Create a fasta alignment from a multi sample VCF
UPDATE: This method is not recommended, use the function in the follow up post instead.
Background
A typical endpoint of microbial whole genome sequencing analysis is to construct a MSA (multiple sequence alignment) of the variable sites, most commonly the SNVs (ignoring indels). This is then used to infer a phylogeny. The input is a vcf with all sample sites. To produce a multi sample vcf, you can either call the variants for each sample merge all the single vcfs together or call all samples at once. (Merging many vcfs appears to be memory intensive so I would prefer the latter). The resulting file is then converted to a fasta alignment.
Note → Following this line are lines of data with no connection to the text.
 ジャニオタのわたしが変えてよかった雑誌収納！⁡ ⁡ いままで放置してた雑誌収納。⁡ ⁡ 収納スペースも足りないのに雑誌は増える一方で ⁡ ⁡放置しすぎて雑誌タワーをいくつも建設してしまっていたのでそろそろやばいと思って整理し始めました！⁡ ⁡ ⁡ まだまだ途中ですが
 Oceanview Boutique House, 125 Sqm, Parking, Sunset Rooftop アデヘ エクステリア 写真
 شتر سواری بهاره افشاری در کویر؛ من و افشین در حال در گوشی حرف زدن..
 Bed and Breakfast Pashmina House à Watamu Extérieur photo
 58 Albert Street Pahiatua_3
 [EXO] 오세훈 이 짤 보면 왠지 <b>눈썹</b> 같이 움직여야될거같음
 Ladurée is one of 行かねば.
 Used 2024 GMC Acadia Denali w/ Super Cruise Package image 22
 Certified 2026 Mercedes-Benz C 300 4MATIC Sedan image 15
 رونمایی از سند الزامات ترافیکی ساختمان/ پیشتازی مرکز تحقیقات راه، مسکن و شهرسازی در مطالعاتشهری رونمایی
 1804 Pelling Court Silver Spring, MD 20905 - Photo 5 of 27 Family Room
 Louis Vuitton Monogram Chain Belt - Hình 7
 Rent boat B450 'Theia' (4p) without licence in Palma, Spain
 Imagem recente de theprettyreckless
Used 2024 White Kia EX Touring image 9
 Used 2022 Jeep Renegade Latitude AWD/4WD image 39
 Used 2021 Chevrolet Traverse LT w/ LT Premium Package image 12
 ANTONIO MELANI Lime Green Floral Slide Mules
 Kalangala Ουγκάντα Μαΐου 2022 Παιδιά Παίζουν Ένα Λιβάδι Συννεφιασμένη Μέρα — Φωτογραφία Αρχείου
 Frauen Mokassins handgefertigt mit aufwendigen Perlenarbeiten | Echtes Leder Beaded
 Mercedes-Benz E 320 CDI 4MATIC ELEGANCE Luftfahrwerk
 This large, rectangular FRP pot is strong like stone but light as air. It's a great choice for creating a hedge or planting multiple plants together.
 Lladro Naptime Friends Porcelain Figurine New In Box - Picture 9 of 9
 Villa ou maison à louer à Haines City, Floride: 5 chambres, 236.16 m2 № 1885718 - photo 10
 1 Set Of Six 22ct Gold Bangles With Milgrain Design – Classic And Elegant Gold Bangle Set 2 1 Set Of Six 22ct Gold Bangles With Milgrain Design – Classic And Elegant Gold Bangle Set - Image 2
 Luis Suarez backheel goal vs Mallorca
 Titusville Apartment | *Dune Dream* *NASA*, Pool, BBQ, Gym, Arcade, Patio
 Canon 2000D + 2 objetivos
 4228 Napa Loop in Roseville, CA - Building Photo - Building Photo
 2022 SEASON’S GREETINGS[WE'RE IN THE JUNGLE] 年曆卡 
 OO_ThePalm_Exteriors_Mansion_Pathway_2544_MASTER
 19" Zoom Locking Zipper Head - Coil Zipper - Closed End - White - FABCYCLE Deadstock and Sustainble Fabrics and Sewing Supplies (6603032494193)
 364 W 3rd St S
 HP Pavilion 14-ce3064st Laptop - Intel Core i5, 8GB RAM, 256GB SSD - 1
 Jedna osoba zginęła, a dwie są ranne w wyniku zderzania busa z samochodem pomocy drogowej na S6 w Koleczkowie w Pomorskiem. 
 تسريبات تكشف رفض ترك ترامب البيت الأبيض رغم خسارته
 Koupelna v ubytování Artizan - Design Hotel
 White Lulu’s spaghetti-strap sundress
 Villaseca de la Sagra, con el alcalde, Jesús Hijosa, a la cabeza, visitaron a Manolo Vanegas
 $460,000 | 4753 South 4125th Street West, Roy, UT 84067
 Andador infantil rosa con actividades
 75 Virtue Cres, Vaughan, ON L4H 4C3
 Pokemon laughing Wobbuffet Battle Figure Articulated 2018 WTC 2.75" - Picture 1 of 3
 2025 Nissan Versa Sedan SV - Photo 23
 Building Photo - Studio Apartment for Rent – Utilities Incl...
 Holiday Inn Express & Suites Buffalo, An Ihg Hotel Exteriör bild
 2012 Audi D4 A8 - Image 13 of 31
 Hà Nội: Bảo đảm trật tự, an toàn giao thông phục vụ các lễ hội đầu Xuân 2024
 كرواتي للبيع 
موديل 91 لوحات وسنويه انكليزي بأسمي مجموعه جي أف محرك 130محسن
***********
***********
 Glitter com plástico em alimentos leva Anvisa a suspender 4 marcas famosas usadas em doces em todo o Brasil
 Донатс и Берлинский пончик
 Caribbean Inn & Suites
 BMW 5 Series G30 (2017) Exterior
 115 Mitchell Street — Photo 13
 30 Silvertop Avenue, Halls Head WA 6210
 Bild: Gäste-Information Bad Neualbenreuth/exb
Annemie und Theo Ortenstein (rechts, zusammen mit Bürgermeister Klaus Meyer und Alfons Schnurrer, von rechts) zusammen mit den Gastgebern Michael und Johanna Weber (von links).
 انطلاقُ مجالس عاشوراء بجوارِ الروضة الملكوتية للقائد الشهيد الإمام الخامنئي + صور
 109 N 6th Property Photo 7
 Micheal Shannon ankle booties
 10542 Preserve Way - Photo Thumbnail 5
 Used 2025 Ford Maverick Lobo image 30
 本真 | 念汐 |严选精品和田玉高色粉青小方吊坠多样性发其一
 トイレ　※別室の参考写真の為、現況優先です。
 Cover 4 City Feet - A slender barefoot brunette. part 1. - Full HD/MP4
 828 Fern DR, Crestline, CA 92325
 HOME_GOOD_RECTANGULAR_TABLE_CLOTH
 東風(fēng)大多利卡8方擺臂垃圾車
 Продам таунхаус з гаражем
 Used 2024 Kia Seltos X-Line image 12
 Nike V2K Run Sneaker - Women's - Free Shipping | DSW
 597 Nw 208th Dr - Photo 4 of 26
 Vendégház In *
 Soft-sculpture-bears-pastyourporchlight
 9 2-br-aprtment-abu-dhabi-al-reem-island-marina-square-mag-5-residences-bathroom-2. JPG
There are scripts available to do this but I was not able to find one written in Python that I could easily use. The following details a Python method to do this.
Note: vcf files should always be filtered to get high quality sites for this to produce a reliable phylogeny. False negatives will give erroneous results. This is not detailed here.
Requires these Python packages: pyvcf, pyfaidx, biopython and pandas. The programs tabix (htslib) is used to index the vcf.
Imports
import sys,os
import pandas as pd
from Bio import SeqIO
from pyfaidx import Fasta
from pyfaidx import FastaVariant
import vcf
Code
This particular function returns a list of SeqRecord
objects and a matrix of the sites in the form of a pandas DataFrame. It iterates over each sample once to produce a set of all unique sites in all samples, using the FastaVariant
object from pyfadix. The nucleotide at each sites is recorded for the reference genome. In a second loop over each sample we extract the variant nucleotide at each of the sites and store these in a sequence. The results is a list of sequences per sample. This can then be saved to a fasta file and used as an MSA for input into RAXml or other tree constuction programs. This code has not been fully compared to other algorithms of this kind so use it at your discretion.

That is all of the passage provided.